The authors obtained the contact patterns among 22341 students, which were inferred from the information on class schedules and class rosters for the Spring semester of 2006 in National University of Singapore.
date/time of measurement start: 2006-01-09
date/time of measurement end: 2006-05-06
collection environment: We collected information on class schedules and class rosters for the Spring 2006 semester in which there were 22341 enrolled. Our university, the National University of Singapore, has different colleges (e.g., Engineering, Science, Law) and within each college there are departments (e.g., Electrical and Computer Engineering, Computer Science). Every department offers graduate and undergraduate degrees, and face to face classes are an integral part of these programs. Many classes also have labs and recitations associated with them. For large classes, there are several recitation sessions offered and students sign up for the recitation session which is most convenient to them. The same goes for the labs. At this time of writing, all lessons are conducted on the main campus of the university at Kent Ridge, spanning an area of 146 hectares.
network configuration: Our insight is that accurate information of human contact patterns is available in several special scenarios such as university campuses. If one knows the class schedules and enrollment of students for each class on a campus, it gives us extremely accurate information about contact patterns between students over large time scales. We obtain this information about student enrollment and class schedules from our university.

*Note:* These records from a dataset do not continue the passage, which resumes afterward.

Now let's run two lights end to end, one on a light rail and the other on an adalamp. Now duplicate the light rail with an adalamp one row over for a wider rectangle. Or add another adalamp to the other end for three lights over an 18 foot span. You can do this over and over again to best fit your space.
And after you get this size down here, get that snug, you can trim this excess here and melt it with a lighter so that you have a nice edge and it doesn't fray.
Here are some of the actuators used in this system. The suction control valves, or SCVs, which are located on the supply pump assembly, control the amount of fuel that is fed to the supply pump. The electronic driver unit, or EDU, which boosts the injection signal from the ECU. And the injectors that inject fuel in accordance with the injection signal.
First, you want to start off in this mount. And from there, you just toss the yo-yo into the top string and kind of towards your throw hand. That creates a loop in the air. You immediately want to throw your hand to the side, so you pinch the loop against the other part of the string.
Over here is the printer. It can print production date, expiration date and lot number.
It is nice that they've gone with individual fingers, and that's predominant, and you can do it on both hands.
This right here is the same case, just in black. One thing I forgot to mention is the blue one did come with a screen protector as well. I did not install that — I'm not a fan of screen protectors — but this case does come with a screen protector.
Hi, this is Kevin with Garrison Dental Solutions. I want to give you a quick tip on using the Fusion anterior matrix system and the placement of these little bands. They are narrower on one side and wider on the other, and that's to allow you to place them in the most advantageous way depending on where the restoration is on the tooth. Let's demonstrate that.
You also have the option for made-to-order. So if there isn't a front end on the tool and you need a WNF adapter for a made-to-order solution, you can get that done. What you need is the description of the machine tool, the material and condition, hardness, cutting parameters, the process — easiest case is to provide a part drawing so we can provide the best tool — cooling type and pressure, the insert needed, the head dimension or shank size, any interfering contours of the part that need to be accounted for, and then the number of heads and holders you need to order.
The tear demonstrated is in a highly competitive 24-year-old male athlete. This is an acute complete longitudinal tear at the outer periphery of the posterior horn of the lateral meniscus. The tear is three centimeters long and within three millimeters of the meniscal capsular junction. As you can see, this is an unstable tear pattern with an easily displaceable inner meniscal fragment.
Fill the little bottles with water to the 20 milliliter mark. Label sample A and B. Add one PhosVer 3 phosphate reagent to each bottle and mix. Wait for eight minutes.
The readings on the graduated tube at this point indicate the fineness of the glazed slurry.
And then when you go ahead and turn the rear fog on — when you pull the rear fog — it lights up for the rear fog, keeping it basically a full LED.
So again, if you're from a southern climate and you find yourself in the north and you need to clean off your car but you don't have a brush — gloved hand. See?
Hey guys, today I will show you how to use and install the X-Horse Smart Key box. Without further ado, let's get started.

We can now describe how we infer the contact patterns among students inside classrooms. The rule is simple - two students are in contact with each other if and only if they are in the same venue at the same time. In other words, we assume that as long as two students are in the same classroom, they are within Bluetooth range of each other. This assumption has been validated inside large classrooms on our campus. We also assume that two students who are in different classrooms are out of range of each other, even if one classroom is just next door to the other. We further assume that contacts take place only during business hours, and ignore that fact that students hang around campus for various activities after hours. We note that the last two assumptions are conservative - the number of contacts we obtained is a lower bound of the actual contacts that take place on campus.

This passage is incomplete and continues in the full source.